From: Matthew Butterick (mb.list.acct at gmail.com)
Date: Sun Apr 28 20:57:24 EDT 2013

Thank you for the explanation. As a new Racket user, in general I find the
docs thorough and well done. (I have HTDP and SICP nearby as well.) Coming
to Racket from Python, the differences in the module system have been
slowest to take hold (exacerbated by the fact that one cannot temporarily
kludge a way around one's ignorance, as one can in other areas of the
language). The rest has been smooth so far.
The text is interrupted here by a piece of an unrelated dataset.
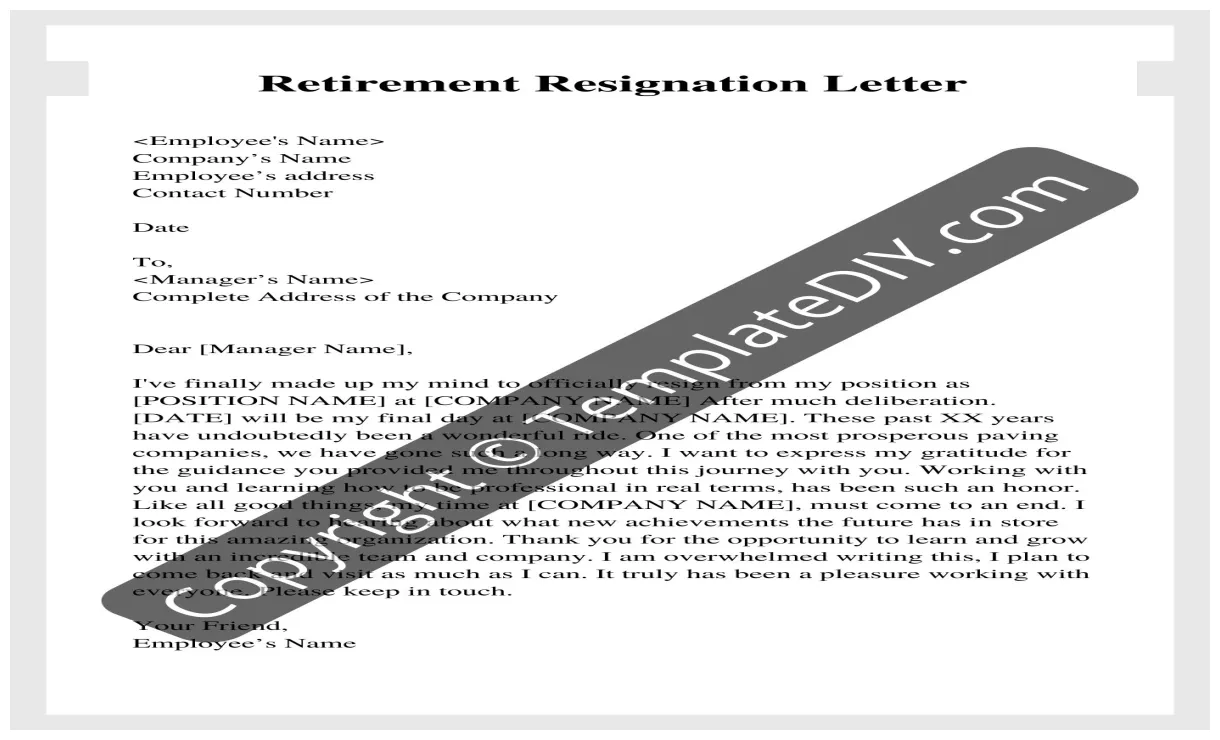 Retirement Resignation Letter Sample Template in Pdf & Word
On Sun, Apr 28, 2013 at 3:01 PM, Matthew Flatt <mflatt at cs.utah.edu> wrote:

> At Sun, 28 Apr 2013 08:28:46 -0700, Matthew Butterick wrote:
> > >
> > > The syntax of `enter!' is supposed to be like `require', where the
> > > module name is not quoted
> >
> >
> > OK, I see what you're saying. And yes, the enter! / require connection is
> > noted in the docs.
> >
> > As a reader of docs, what trips me up here is that the docs for enter!
> and
> > require both refer to a module-path, but they will not necessarily take
> as
> > input something that returns #t for module-path?, for instance:
> >
> > (require "filename.rkt") ; works
> >
> > (define name "filename.rkt")
> > (module-path? name) ; returns #t
> > (require name) ; doesn't work
> >
> > However, dynamic-require works differently:
> >
> > (define name "filename.rkt")
> > (module-path? name) ; returns #t
> > (dynamic-require name 'foo) ;works
> >
> > I notice that dynamic-require uses the module-path? contract, and enter!
> > and require apparently do not. So OK, I guess that's why they can be more
> > restrictive. But then when I look up the meaning of module-path?, it
> says:
> >
> > Returns #t if v corresponds to a datum that *matches the grammar for
> > module-path for require*, #f otherwise.
> >
> >
> > That is, module-path? seems to be defined in terms of what require will
> > accept, but in practice module-path? accepts more than require will.
> Which,
> > if true, is strange.
>
> I think you're getting tripped up by the difference between syntax and
> values, and also by the way that ' is used in forming module paths.
>
> As Ian says, `enter!' is a syntactic form, and `enter!' is documented
> as having the grammar
>
>   (enter! module-path)
>
> The `module-path' here is a syntactic element, and it is defined as a
> non-terminal in the definition of `require' (which is why the
> documentation of `enter!' refers to `require').
>
>
> In typical Lispy style, however, we make a connection between a
> syntactic module path and a "module-path value": if you take a
> syntactic module path and put a quote on the front, you get an
> expression whose value is a module-path value --- a value for which
> `module-path?' returns #t. In other words, we overload the term "module
> path" with different (but related) meanings in syntax and value
> contexts.
>
>
> Note that if the grammar of `enter!' were
>
>  (enter! expr)
>
>        expr : module-path?
>
> then it would mean that you can put any expression after `enter!', and
> the expression's value would be checked at run time to be a module
> path.
>
> So, the distinction is carefully and precisely packed in to the
> documentation's notation, and programmers don't usually notice this
> sort of overloading, because it usually works out in an obvious way.
>
> Unfortunately, the distinction between syntactic module paths and
> module-path values can be especially confusing, I think for these
> reasons:
>
>  * Many module paths are just strings, and strings are self-quoting,
>    so the syntactic module path and an expression that produces the
>    corresponding module path are the same.
>
>  * The form
>       'x
>    is a syntactic module path, and it means "a module with the symbolic
>    resolved name `x'".
>
>    At the same time, the form
>       x
>    is a syntactic module path that means "the main module from the `x'
>    collection".
>
>    A good case can be made that abusing ' for the former module path
>    was a bad idea (but it sure is convenient).
>
>  * The *expression*
>      'x
>    produces a value that, when treated as a module path, refers to the
>    main module of the `x' collection.
>
>    To create a value that refers to the module with the symbolic
>    resolved name `x', you'd have to write
>      ''x
>
>    That's all consistent --- just put a ' on the front of each example
>    from the preceding bullet --- but because ' is used in two different
>    ways, it can be confusing.
>
>
> Finally, I think it's fair to say that the `module-path?' documentation
> "a datum that matches the grammar for module-path for require" is too
> tightly packed, and we'll improve it.